FDR agreed to sign an executive order barring discrimination in the WPA. One million black families benefited from WPA wages. However, discrimination in other parts of the New Deal persisted. The Federal Housing Authority refused to help blacks trying to buy houses in white neighborhoods. The National Recovery Administration persisted in paying black workers less than whites. Even the Social Security Act excluded the menial jobs that most blacks held.
For black leaders, however, the most frustrating issue was FDR’s stance on the anti-lynching bill introduced in Congress in early 1934. Although twenty-six African Americans were killed by mobs the year before, FDR took no stance whatsoever on the bill. The Amsterdam News commented on FDR’s lack of support for the bill using the headline “Here’s Mr. Roosevelt’s Message on Lynching.” The article contained one sentence, “In his annual message to Congress last Friday President Roosevelt had the following to say about lynching:” That sentence was followed by a large blank space.

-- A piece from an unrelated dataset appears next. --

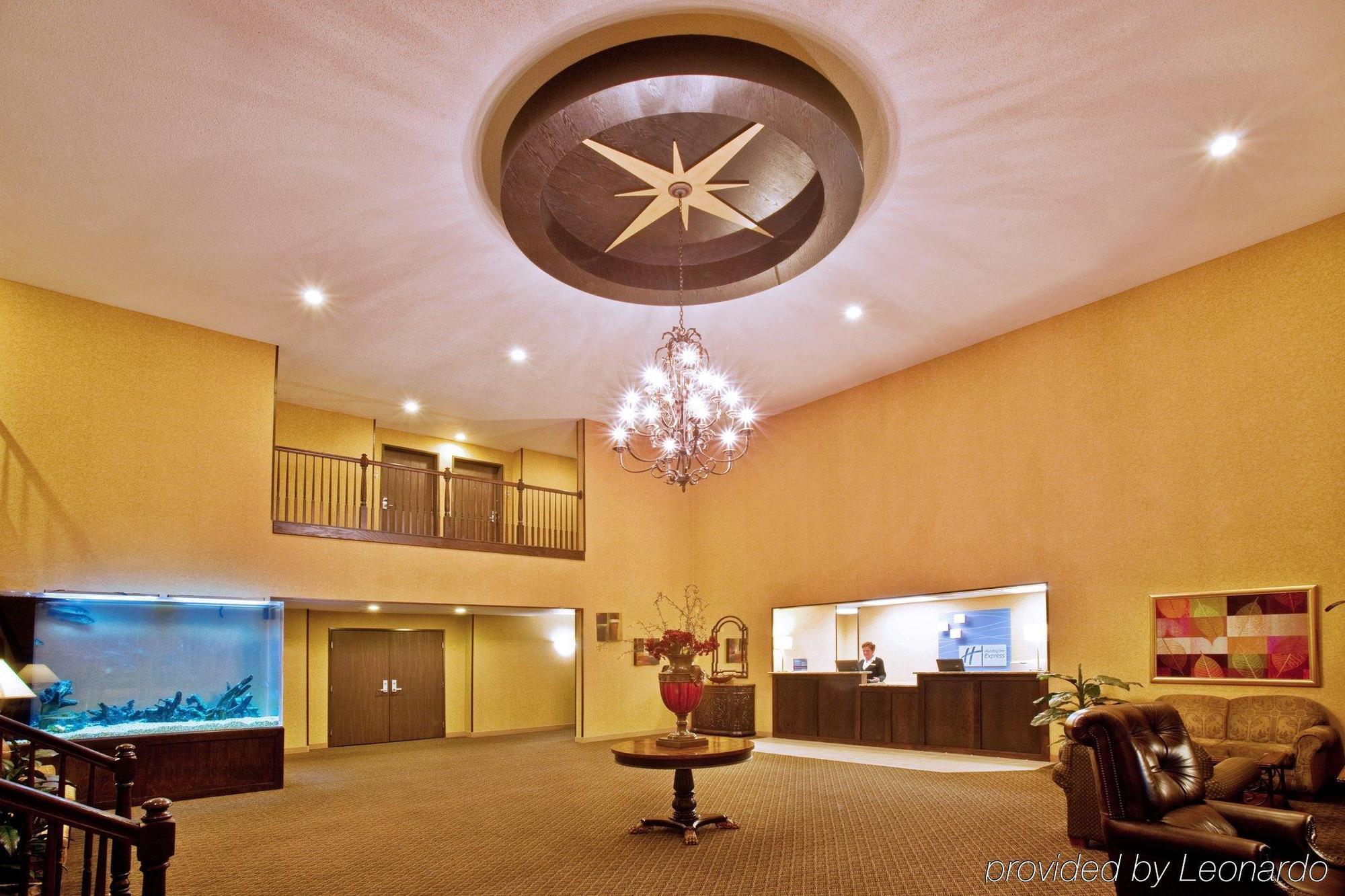 Holiday Inn Express Le Claire Riverfront-Davenport By Ihg Εξωτερικό φωτογραφία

FDR tried to explain to African American leaders why he could not back the bill. He told NAACP Executive Secretary Walter White, “I did not choose the tools with which I must work.” In order get votes for New Deal programs, FDR felt he couldn’t antagonize Southern Democrats by supporting a bill they found offensive. He told critics “you have to wait, even for the best of things, until the right time comes.” Apparently FDR never thought there was a right time to support an anti-lynching bill. Although members of Congress proposed other anti-lynching bills during his long presidency, he never backed them.
In contrast to her husband, Eleanor publicly backed the anti-lynching campaign. When Walter White asked her to attend a NAACP art exhibit called “A Commentary on Lynching,” Eleanor lent her support. Interestingly, FDR did not attempt to stop his wife’s actions. Perhaps FDR agreed with her privately, but Eleanor’s actions also encouraged to blacks to switch their allegiance from the Republican party of Abraham Lincoln to FDR and the Democrats. Ever the politician, FDR was likely happy to have his wife express her feelings to get the African American vote while he placated Southern voters by saying nothing.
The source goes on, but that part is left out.